"Students should take their education seriously, be in school on time, and be ready for what's going to hit them next," said ninth-grade student Brandy Jean in response to President Barack Obama's annual back-to-school speech Tuesday.
The speech aired in Melissa Turner's ninth-grade English class at Williamsport Area High School.
From Masterman High School in Philadelphia, Obama told students showing up to school on time, paying attention in class, doing their homework and studying for exams absolutely is essential for success.
"Mistakes are a part of life and it's all right to be wrong, just remember to listen to what people have to say and it might help you in your life," Jean said. "Figuring life out can be very tough but you just need to keep going and do your best with what you're given."
After listening to the president's speech, students at the high school commented on what they believed to be most important for them to remember.
Obama spoke of a time when he wasn't the best student he could have been.
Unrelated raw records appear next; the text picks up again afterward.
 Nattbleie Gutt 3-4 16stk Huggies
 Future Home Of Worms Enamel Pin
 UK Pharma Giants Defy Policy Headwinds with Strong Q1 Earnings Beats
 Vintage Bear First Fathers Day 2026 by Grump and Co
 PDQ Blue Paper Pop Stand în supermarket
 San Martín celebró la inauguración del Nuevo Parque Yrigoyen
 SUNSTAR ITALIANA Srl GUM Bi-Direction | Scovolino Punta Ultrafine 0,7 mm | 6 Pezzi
"I made my share of mistakes," he said. "I can still remember a conversation I had with my mother in high school. It was about how my grades were slipping, how I hadn't even started my college applications and how 'casual' I was being about my future. Hearing my mother tell me about effort and how I needed to make some, I began getting serious about my studies and I made an effort."
To that, student Ben Tripoli said he was surprised to hear that a president had the same struggles he faces in school.
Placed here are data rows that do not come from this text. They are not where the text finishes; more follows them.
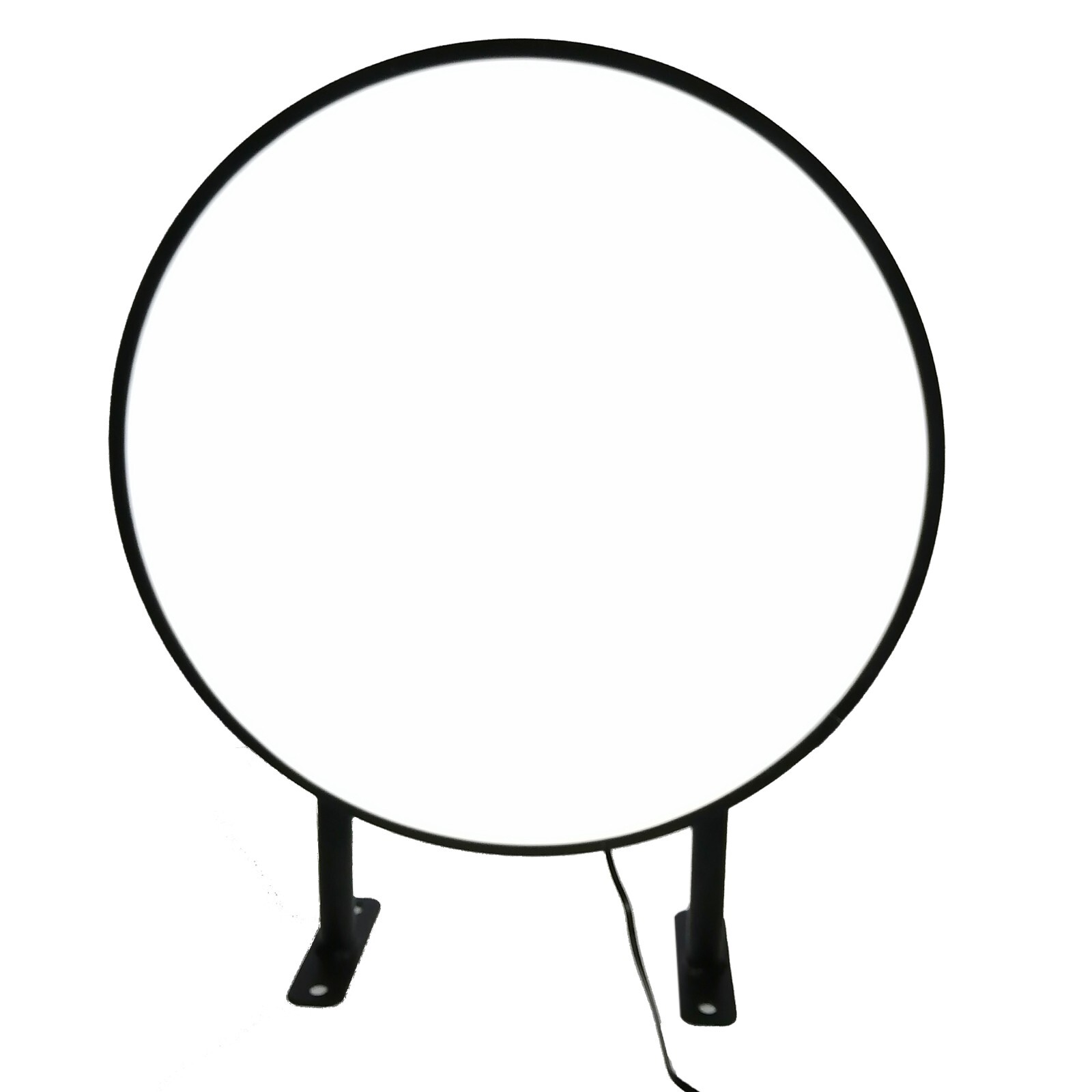 20&Prime; Black Frame LED Light Box / Circular Projecting Lightbox /Signs Supply Blank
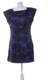 Dámské mini šaty Papaya modročerné
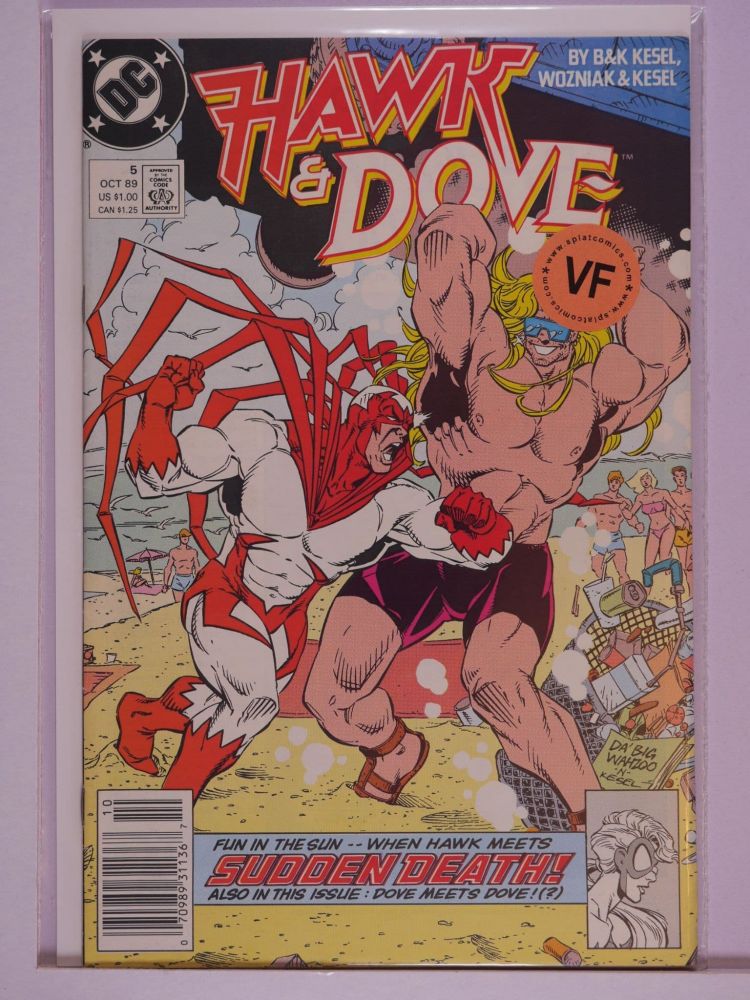 HAWK AND DOVE (1989) Volume 3: # 0005 VF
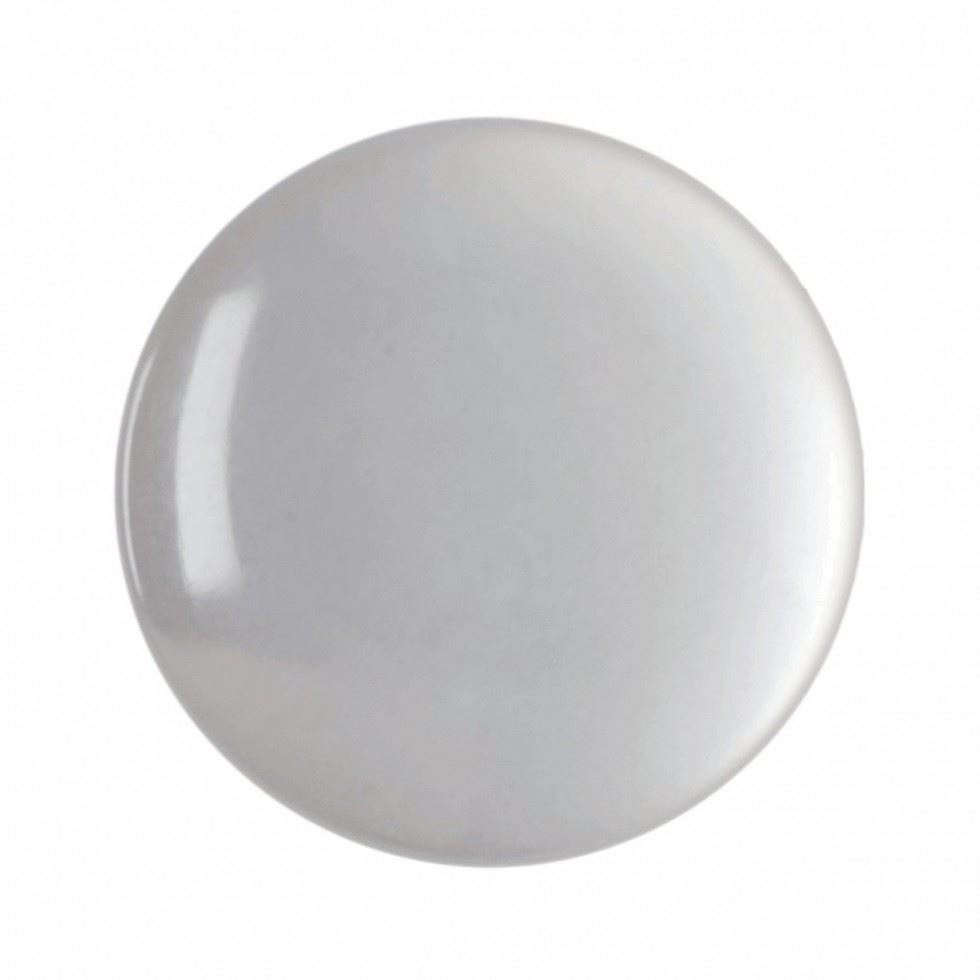 Hemline White Round Shank Buttons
"I never would have thought that a president would have a bad attitude or let his grades slip like President Obama said happened to him," Tripoli said.
Fellow student Rodney Beck said he was hopeful the president's speech would get students to stop being bullies and step up and become role models in their communities and in schools.
"Students need to know when play time is over and when the time to buckle down and work in the real world begin," Beck said. "Education comes first, and then play time after."
Overall, the students in Turner's class said they admired Obama and the efforts he is making for education.
Zachary Rogers said he thought it was good for students to see that the president was taking time out of his day to deliver a speech to students nationwide.
Obama acknowledged that school is tough and that it can be made even tougher by the presence of classroom bullies who make fun of students and try to make those who are different from them feel bad.
The president urged students to ignore bullies and treat each other with kindness and respect, saying part of the beauty of life "lies in its diversity."
Although Rogers felt the speech was needed for students, he didn't agree with the president's remarks about bullying will change things.
"I don't believe that bullying will ever stop. Just because the president says it, it doesn't mean students will listen," he said.
"Even if you don't think of yourself as a math or science person, you can still excel in those subjects if you're willing to make the effort," Obama said. "Excelling in school or life isn't mainly about being smarter than everybody else. It's about working harder than everybody else."
At that, Rogers said he was glad to hear the president say it's not always about being the smartest in the class that will get you ahead of everyone else.
"I was glad to hear that working hard is more important than being the smartest in your class or being the best in your class," Rogers said.
The Associated Press contributed to this report.